The moment has arrived. After many years of hard work and countless conversations with family and other owners, you made the decision … I’m going to sell my dealership. But now what?

Making the decision to sell your dealership is often the hardest part of the transfer process. But once that decision is made, other issues must be addressed to help you create a strategy before negotiations begin.

Valuation.

What is your dealership worth? Does the value match up with your expectations? Many factors determine value, including asset values, profitability and ease of financing. Sellers should consider hiring a valuation expert to take these and other factors into account and gain insights on industry valuation trends. SWA Financial Consulting is the firm I recommend due to its industry knowledge and experience in conducting equipment dealer valuations.
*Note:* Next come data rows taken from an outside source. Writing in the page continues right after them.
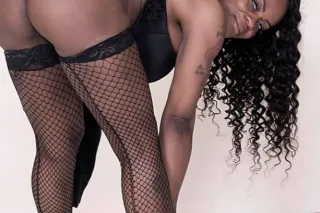 London Skyy your Ebony Queen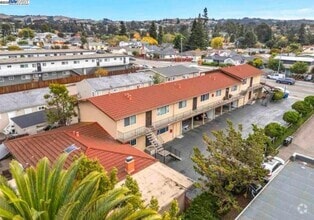 Building Photo - 2540 Grove Way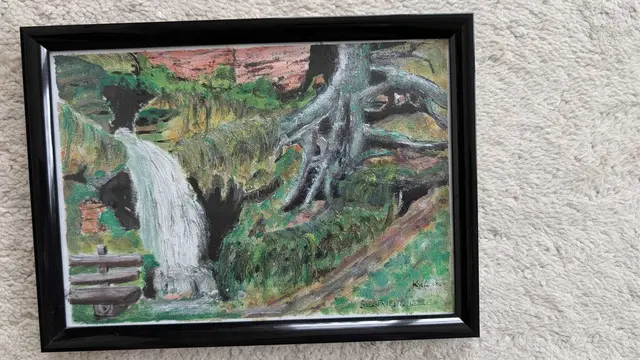 Siegfriedquelle
Öl und Acryl auf Leinwand, 32 x 23 cm
2020 | Foto: KOOL.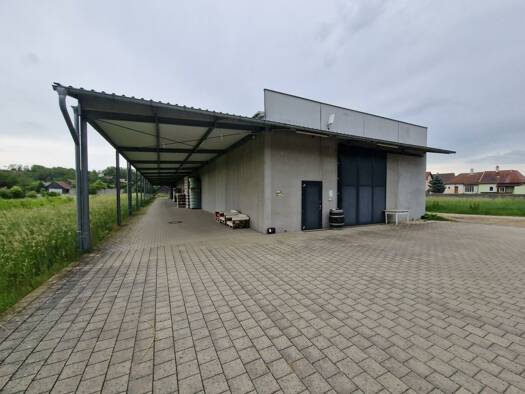 Sonstiges zur Miete 3.960 € 4 Zimmer 1.800 m² Grundstück Königsbrunn am Wagram 3465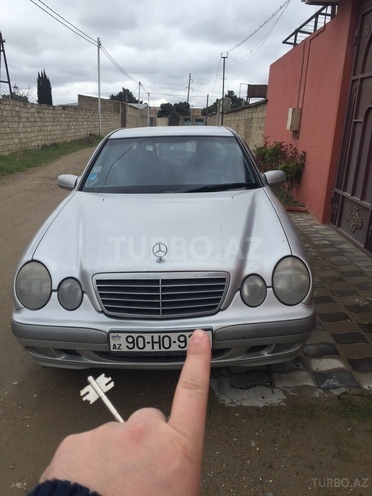 Mercedes E 220 2000, 324 km - 0.2 l - Bakı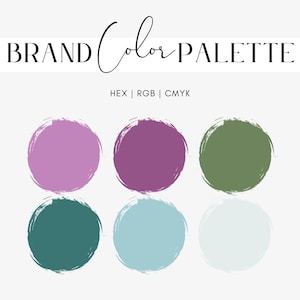 Può includere: Palette di colori del marchio con sei campioni di colore. I colori sono un viola chiaro, un viola più scuro, un verde, un verde acqua e due tonalità di blu.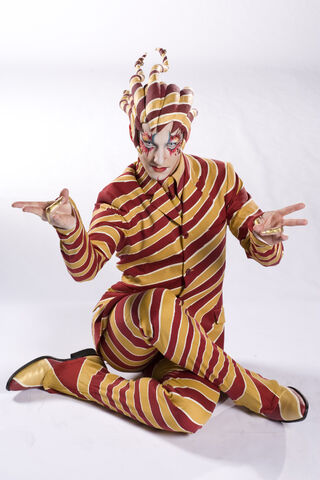 Archivo:Trickster - KOOZA.jpg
For more information on SWA Financial Consulting, you can contact Curt Kleoppel at 816-561-5323 or curt@swassn.com.

Context.

After assessing value, consider the context of your situation as it may impact the timing and structure of a transfer or the price a buyer will pay. Questions to help you assess context include:

  • Do you have market share issues? Is termination of your main line dealer agreement likely?
  • How many potential buyers exist?
  • Has your manufacturer told you who may be permitted buyers? (“permitted” buyers should be your preferred buyers unless a large value gap exists)
  • What is your appetite for remaining in business? (impacts use of merger as a potential transfer structure)
  • Is one of your locations a “closed point”? (fair dealership laws play a role, but this factor may reduce valuation, including a reduction in dealership real estate value)

 

Taxes.

Consult your attorney or other tax advisor to understand the impact of taxes on your deal. Structure decisions can impact dollars in your pocket after taxes are paid. Some common issues impacting taxes include:

  • Asset vs. Stock Sale. A stock sale represents the best tax consequence for a seller because the proceeds are taxed at lower capital gains tax rates. Sellers normally pay higher rates of taxes if the dealership sells its assets. Unfortunately for sellers, buyers may refuse to buy stock because it requires a buyer to assume your liabilities, can limit the ability to use manufacturer floor planning to pay for part of the purchase price and the ability to reset asset values for purposes of depreciation is generally not available.
  • Type of Entity Matters. Is your dealership an S corporation, partnership or limited liability company? If so, the tax difference between an asset sale and stock sale is minimized. The reason for this is that much of the taxable purchase price paid in dealership transactions are tied to the real estate or “blue sky” and result in taxes at capital gains tax rates to the individual owners of the dealership.
  • What about C Corporations? Many dealerships remain in C corporations. C corporations pay a separate income tax from the owners of the business and create a “double tax” in an asset sale. Unlike other types of entities, purchase price payments to a C corporation are subject to one tax rate that is significantly higher than the capital gains tax rate. To top it off, Uncle Sam will also charge the owners a second tax when the dealership distributes the money to the owners. Through planning, it is possible to minimize some negative tax consequences, but the unfortunate truth is that C corporation dealers often keep less in their pockets. Planning Note: if a sale is a few years away, contact your attorney or tax advisor about potential benefits of converting a C corporation to an S corporation.

 

Merger?

  • Benefits. Mergers between dealerships can usually be accomplished on a tax-free basis. It is also possible to buy out certain owners in a merger (the selling owners would pay tax). In most cases, mergers don’t require payments or additional debt, meaning that the equity levels of the dealerships won’t be impacted. This helps dealers maintain minimum equity levels required by some manufacturers.
  • Complications. Mergers are more complicated because the parties will continue in business together. This means that each dealer must carefully review the operations of the other dealer(s) to understand what they will have after the deal closes. Negotiation of a buy-sell agreement between the owners is also critical (to be discussed in my next two articles) and you should never underestimate the challenges of integrating multiple companies and creating a shared culture after closing.

A decision to sell is only the beginning. By understanding your options and doing some advance planning, you will be able to develop a “sale” strategy that is best for you.